RelP requires only two forward passes (original and patched inputs) and a single backward pass for relevance propagation, matching the computational profile of attribution patching. This efficiency—contrasted with the repeated intervention sweeps required for activation patching and the integration steps demanded by methods such as Integrated Gradients (IG)—makes RelP tractable even for high-dimensional settings and large model families. Implementation can reuse frameworks supporting LRP, and is compatible with standard auto-differentiation and vectorization approaches.

4. Faithfulness and Quantitative Validation

Experimental validation on the Indirect Object Identification (IOI) task demonstrates consistently high faithfulness. In GPT-2 Large, RelP attains Pearson correlation of 0.956 for MLP outputs, and similarly high values for other challenging components, while attribution patching is near-zero (Jafari et al., 28 Aug 2025). RelP additionally matches the faithfulness of Integrated Gradients in sparse feature circuit discovery, but does so with considerably lower computational expense. Qualitative results confirm reliability across non-linear modules such as the residual stream and MLPs, where attribution patching suffers due to non-linearity and activation magnitude variance introduced by LayerNorm.

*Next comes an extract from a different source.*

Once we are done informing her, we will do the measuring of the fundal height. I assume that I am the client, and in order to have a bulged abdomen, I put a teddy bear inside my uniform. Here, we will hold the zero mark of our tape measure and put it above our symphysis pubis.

Method	MLP Output Correlation (GPT-2 Large)	Computational Cost
Activation patching	Baseline (Ground Truth)	Dozens/hundreds sweeps
Attribution patching	0.006	2× fwd, 1× bwd
RelP	0.956	2× fwd, 1× bwd
IG	Comparable to RelP	Multiple integrations

Faithfulness here refers to how closely each method’s component-level impact scores match those from “ground truth” activation patching.

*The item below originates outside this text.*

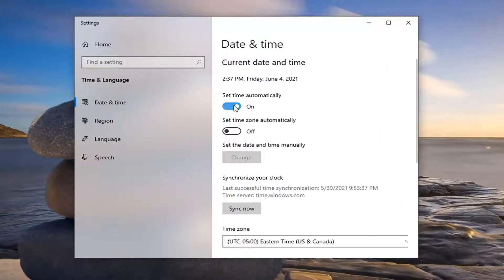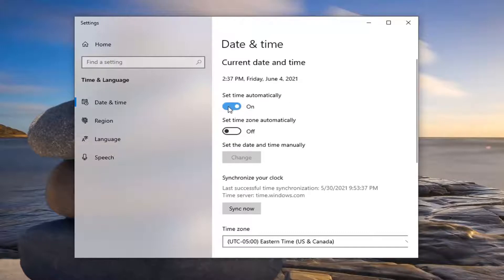Where it says set time automatically, you want to make sure that is turned on. So if for some reason it's turned off, go ahead and set that.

5. Applications to Circuit Discovery and Model Debugging

RelP is applicable wherever internal causal circuit discovery is required, particularly for mechanistic investigation in large-scale LLMs. Examples include:

• Identifying and visualizing sparse feature circuits governing behaviors such as subject–verb agreement, IOI, or other semantic dependencies.
• Localizing critical heads, MLPs, or neurons for tasks, facilitating targeted pruning, interpretation, or fine-grained editing.
• Debugging models by mapping causal flow and pinpointing “faulty” or spurious components responsible for undesirable outputs.

RelP’s reliability in deep non-linear transformer modules suggests direct utility in research settings scaling to models like Pythia, Qwen2, or Gemma2 (Jafari et al., 28 Aug 2025).

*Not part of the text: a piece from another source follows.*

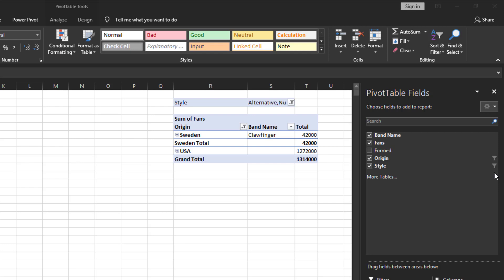So right now we have origin filtered and style filtered. If you recall we removed Russia from the origin.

6. Implications for Interpretability Research

RelP’s integration of LRP principles into the patching paradigm represents an advance in balancing efficiency and faithfulness. Models analyzed via RelP yield interpretable causal maps at component resolution, informing both scientific understanding and downstream engineering—e.g., for safe model deployment, robust policy behavior, or regulatory compliance. A plausible implication is that RelP will supplant attribution patching in settings prioritizing high correlation to ground truth, especially with increasingly deep and non-linear architectures.

7. Limitations and Future Directions

While RelP is tested on LLMs and tasks such as IOI, broader validation in other modalities, network architectures, and adversarial settings remains an open avenue. LRP propagation rules may need further customization for particular circuit topologies or regularization objectives. This suggests future work could refine propagation rules, extend RelP to multimodal models, and automate the identification of optimal patching locations for large architectures.

RelP is thus a methodologically rigorous, computationally tractable, and experimentally validated approach for circuit discovery and analysis in neural networks, directly advancing mechanistic interpretability of complex AI systems.